К Иоакимовской летописи вообще и к этому наиболее известному ее свидетельству в частности в науке существует прямо противоположное отношение. Одни исследователи видят в Иоакимовской совершенно адекватный, хоть и очень поздний источник и, подчас без каких-либо оговорок, пишут о «восстании» новгородцев против крещения. С другой стороны, некоторые источниковеды высказывали решительные сомнения в подлинности источника вообще, предлагая видеть в нем полностью или частично творчество самого В.Н. Татищева. Свою точку зрения мы уже высказывали. Но, хотя Иоакимовская летопись и является, как мы думаем, составным сочинением XVIII века, в ней использовалось в том числе и несохранившееся древнерусское сочинение – то самое, которое составитель Борщов совершенно искренне принял за труд архиепископа Иоакима Корсунянина.
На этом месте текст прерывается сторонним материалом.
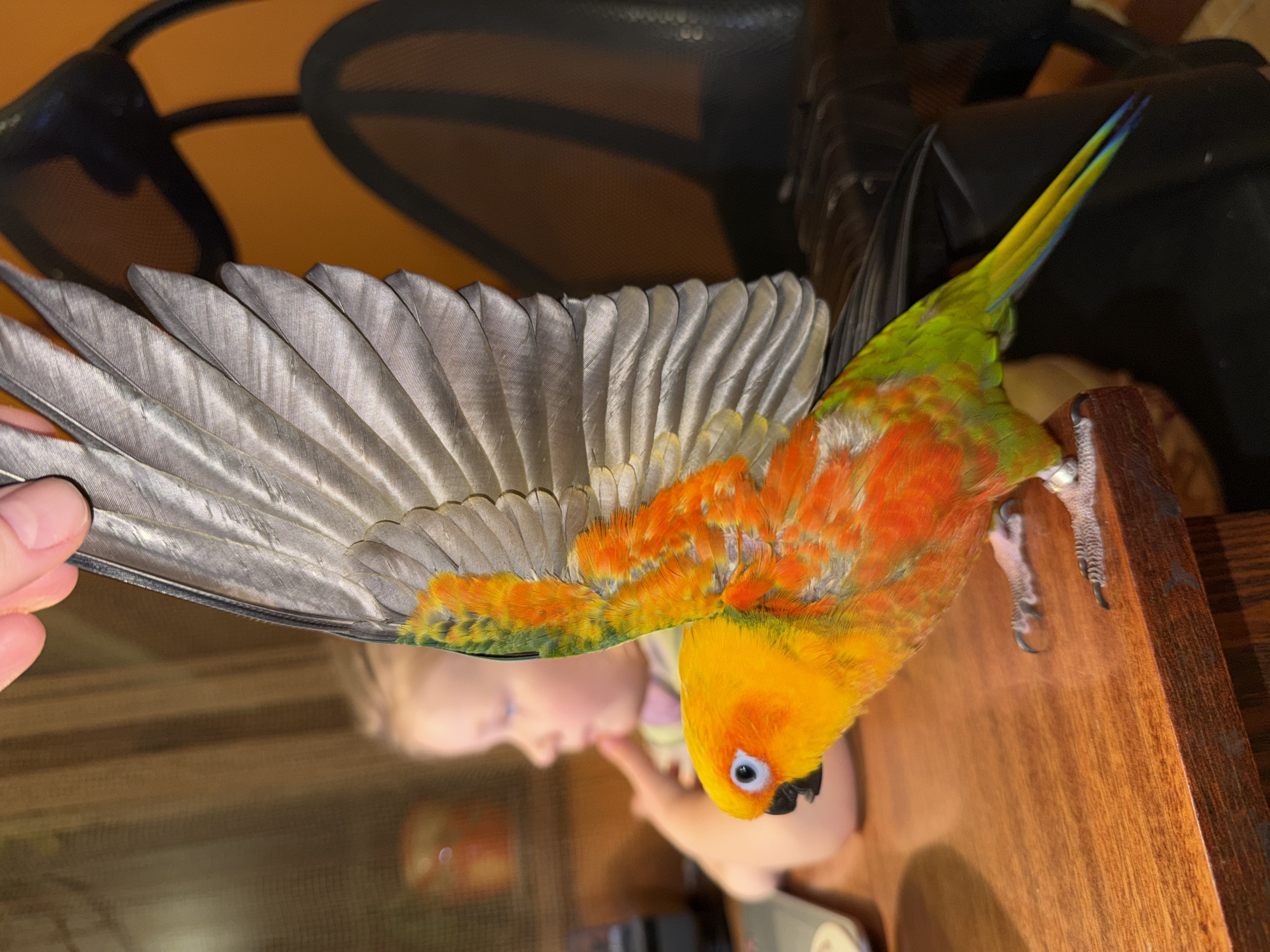 A close-up, indoor shot features a sun conure perched on a wooden surface. The bird's right wing is outstretched, revealing gray primary feathers with a hint of green and orange at the base. The bird's body is brightly colored with yellow, orange, and green plumage. A human hand is visible, holding the tip of the bird's wing. In the background, a blurred image of a fair-skinned child is visible. The background also includes indistinct dark objects, possibly a microphone or headphones, and a tan wall. The location is unknown.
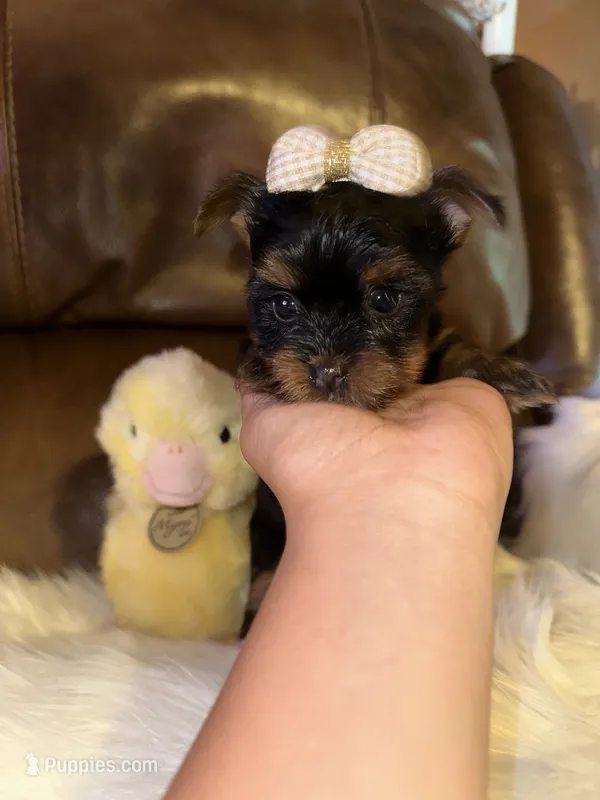 Estrella – Yorkshire Terrier puppy for sale in Madera, CA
Последнее, конечно, не так. Достаточно сказать, что крещение Руси связывалось в нем с именем болгарского царя Симеона, умершего за несколько десятилетий до вокняжения Владимира.
Но что это был за памятник? По всей видимости, сказание о крещении Руси, созданное в Новгороде. Состав его оказался совершенно затемнен отрывками народных преданий, выписками из польских и немецких хроник, «догадками» составителя. Но тенденция древнего сказания отчетлива – даже по этому, несомненно, к нему восходящему фрагменту. Древний автор подчеркивал некоторую, говоря библейским языком, «жестоковыйность» своих сограждан, выпячивал их противостояние христианизации не только своего города, но и Руси в целом. Потому, скажем, новгородские князья Олег и Владимир противопоставляются в Иоакимовской киевским Аскольду и Ярополку как воинствующие язычники. Текст сказания мог быть создан в XIII–XV веках, когда подлинные обстоятельства крещения уже стали забываться в устной памяти, но в то же время еще не окончательно перешли во вневременный мир народного эпоса.
Тем не менее сам факт не слишком адекватной передачи Борщовым сохраненного им текста налицо. Примеру его последовал и сам В.Н. Татищев, имевший достаточно оснований не церемониться с сочинением свояка. Предположения и домыслы, пусть не слишком многочисленные, историк смело вносил в «летописное» повествование. В этом можно убедиться, сопоставив черновик «Истории», то есть непосредственную копию летописного текста, с беловой рукописью. Рассматриваемый фрагмент, будучи переписан набело, претерпел следующие изменения. Не совсем, видимо, уместные, на его взгляд, в этом контексте «самострелы» Татищев заменил древнерусским словом «пороки», а в речи Добрыни, обращенной к новгородцам, «помощь» почему-то стала «пользой». Мира новгородские «мужи» теперь просят, «придя к Добрыне». Самое загадочное добавление – целая фраза после описания «пороков»: «Высший же над жрецами славян Богомил, сладкоречия ради нареченный Соловей, вельми претил люду покориться». Это явно чужеродная вставка в текст, где вождем восстания выведен Угоняй, и именно его захватывает в заложники Путята. Можно догадаться, что Татищев счел уместным поставить во главе восставших жреца. Но откуда он взял его имя (точнее, два имени), мы не можем и догадываться. В любом случае проблема эта имеет больше отношения к истории исторической науки XVIII века, еще во многом стоявшей между летописью и романом, чем к истории крещения Руси.